İtalya merkezli 3 boyutlu baskı şirketi Centro Sviluppo Progetti'nin (CSP), çevredeki materyalleri kullanarak yerinde baskı projesi yürütüyor. İlk adım olarak, su, sebze elyafı ve toprağı kullanarak basit bir kerpiç benzeri yapı oluşturmak için 12 m yüksekliğinde, güneş enerjisi ile çalışan 3 boyutlu yazıcı üretti. CSP, Bologna yakınlarındaki bir İtalyan kasabası Massa Lombarda'daki bir sanayi bölgesinde deneysel bir çevre köyü kurmak için Big Delta yazıcıyı kullanmayı planlıyor .

3D baskı evlere en iyi örnek ise 2016'nın Aralık ayında Rusya'dan geldi. Bir vinci andıran 3D yazıcı, çimento ile katmanları tek tek yapıldı. Kaba inşaat 3D yazıcı ile tamamlandıktan sonra pencere ve boya işlemleri işçiler tarafından yapıldı. Sonuçta ortaya çıkan bir veya iki kişinin rahatlıkla yaşayabileceği ev, 24 saat gibi çok kısa bir sürede tamamlanmış oldu. Yazıcıyı oluşturan ünitelerin taşınabilir olması, şantiyenin kurulmasında uzun hazırlık süresi gerektirmiyor.  Ayrıca baskı işleminin çizim ile birebir ve otomatik yapılıyor olması, insan hatasından kaynaklı riskleri ortadan kaldırıyor.
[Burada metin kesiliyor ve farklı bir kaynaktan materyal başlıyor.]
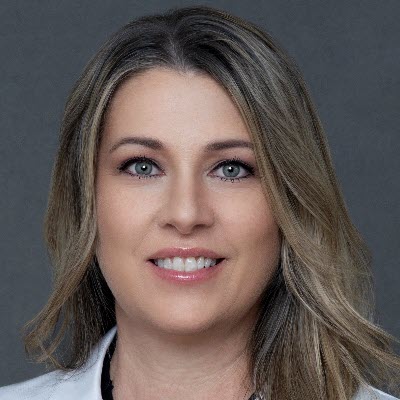 Reagan Richter, APRN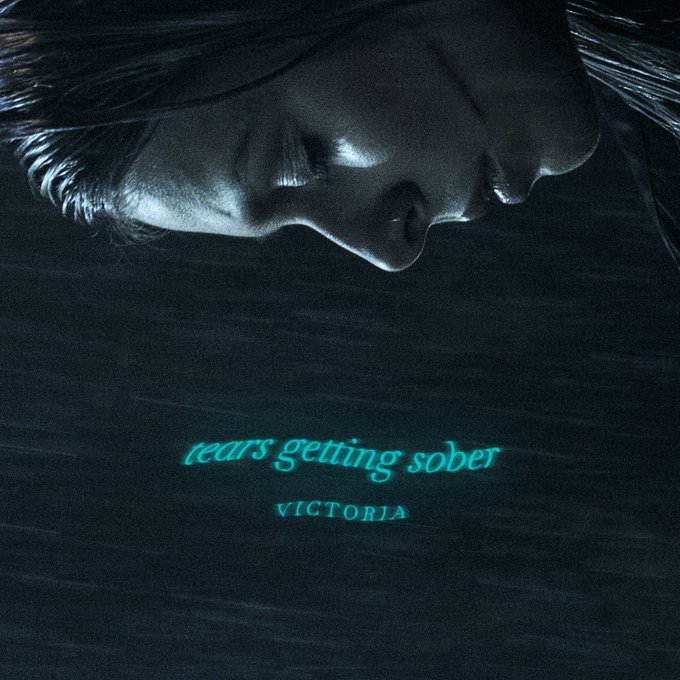  ‘Tears Getting Sober’ é o título da canção da Bulgária e de VICTORIA para o ESC 2020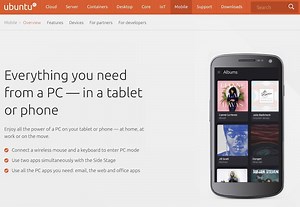Canonical kills its Ubuntu smartphone, tablet, convergence plans | AppleInsider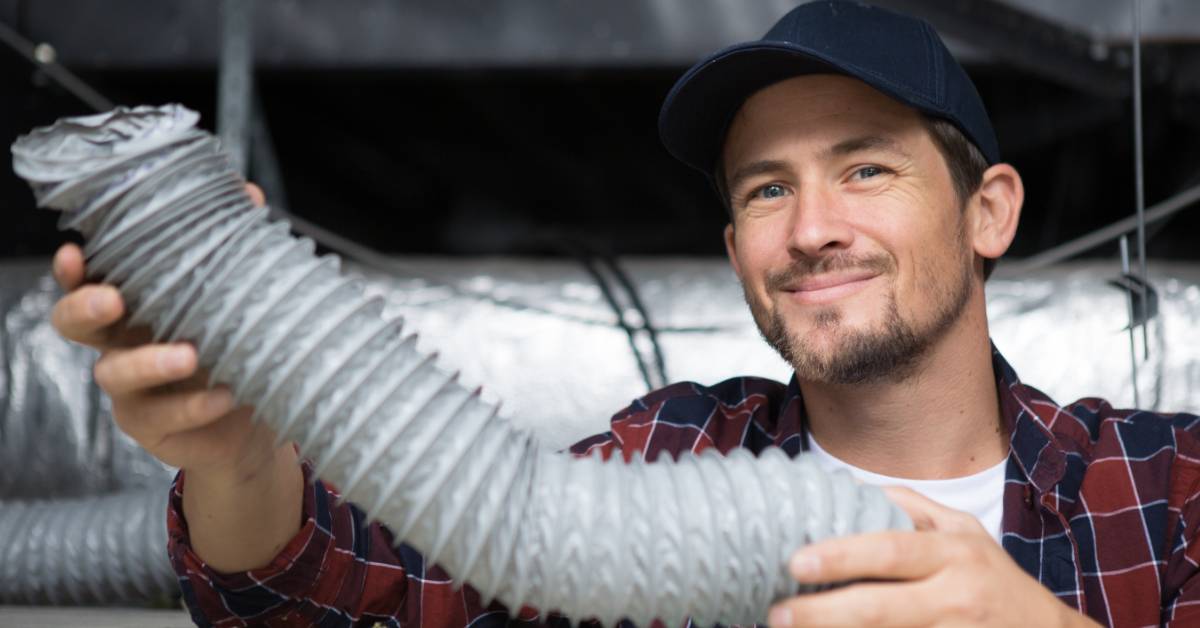 Hvac New Braunfels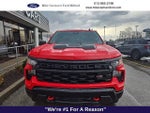 2025 Silverado 1500 Thumbnail 2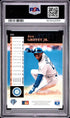 1994 Upper Deck Ken Griffey Jr. PSA 7 #224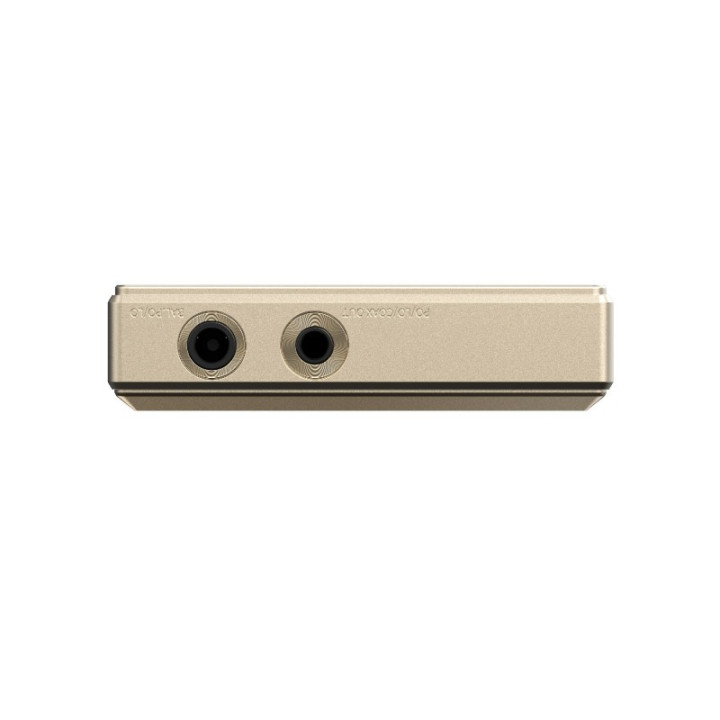 FiiO M21 przenośny odtwarzacz audio Hi-Res Android
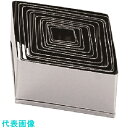 TKG SA18-0パテ抜セット ダイヤ (No.1〜12セット) (品番:BPT12)(注番1386410)・(送料別途見積り,法人・事業所限定,取寄)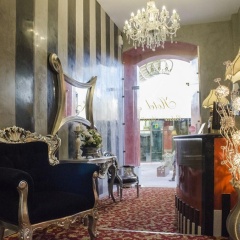 Hotel Palace Sevilla - Bild 2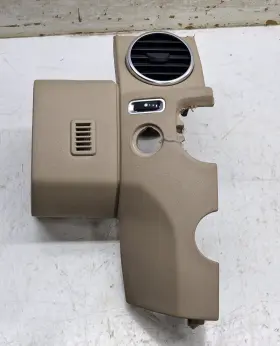 AH22-04302-D LAND ROVER Center Dash Left Air Vent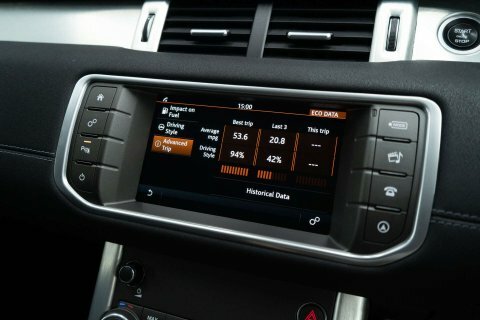 Land Rover Range Rover Evoque 2.0 Ed4 Se 2Wd #57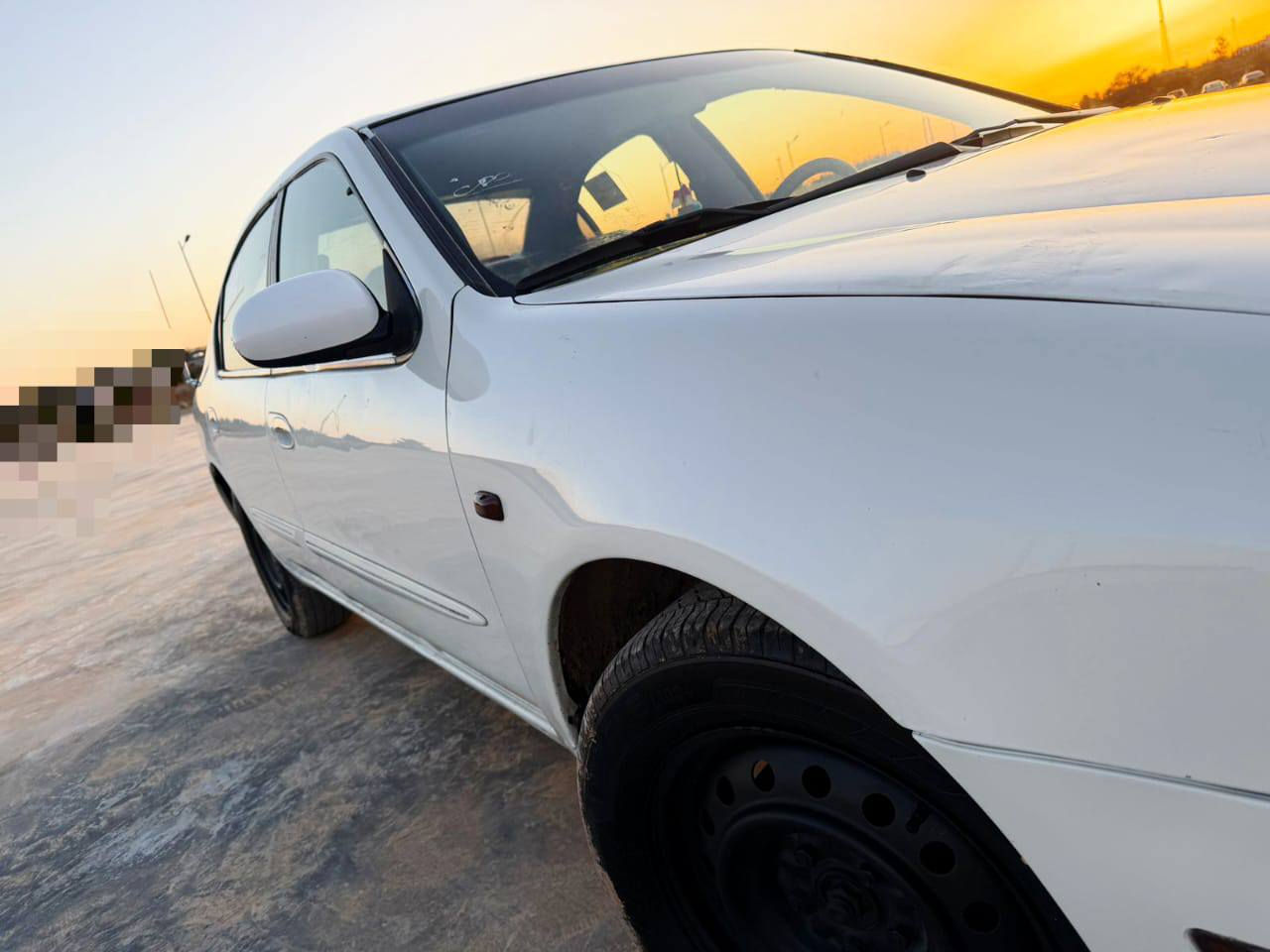 نیسان ماکزیما ٢٠٠٢ تحول اسڵی 
تەحول اسڵی سەنەوی تازەیە 
سەنەوی ٢٠٢٨ تازەیە 
گێڕ و مەکینەی بەشەرت 
سەوت و بوخار و سەرفی بەشەرت 
چوارتایەی تازە 
سەیارەکە زۆر پاکە هەموو گیانی بەشەرت 
تەنها یەک پارچە و پەڵەیە بۆیاخ بێ ناو گرتن 
ژمارە : *********** 
وەساپی لەسەرە .. كركوك, العراق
Tasarımdan Yıkıma Bina İnşaatı

Otomatik üretim ve sayısallaştırma düzeyi açısından, inşaat endüstrisi hala diğer sektörlerin gerisinde. Bununla birlikte, büyük veri, nesnelerin interneti gibi mega trendler, inşaat sektörünün gelecekteki gelişimi için büyük fırsatlar sunmaktadır. Başarılı “İnşaat 4.0” için ön şart, bir binanın dijital ikizinin oluşturulmasıdır. Tutarlı ve yapılandırılmış bir veri yönetimiyle Bina Bilgisi Modelleme (BIM), çeşitli sınır koşulları için simülasyon araçları oluşturarak dinamik performansı incelenebilen bir dijital bina üretmenin anahtarıdır. Dijital ikizler, tasarımdan inşaata kadar toplam yaşam döngüsü boyunca başta yenileme, bakım, işletme olmak üzere gerçek binalardaki tüm değişiklikleri izler ve kaydedilen performans dinamiklerini yeniden düzenler. Böylece gerçek binanın ömrü boyunca, sanal ikiz ile üretilen performans tahminleri, iyi alınmış kararlar için doğru bir temel oluşturur. Örneğin; dijital bina, siber kontrollü yeni HVAC sistemleri getirerek uygun maliyetli çalışma modları geliştirmeye yardımcı olur. Dijital ikiz aynı zamanda binanın enerji arzındaki değişikliklere olan dinamik tepkisini analiz edebilir, binanın bakım veya yenileme ihtiyacını gösterir.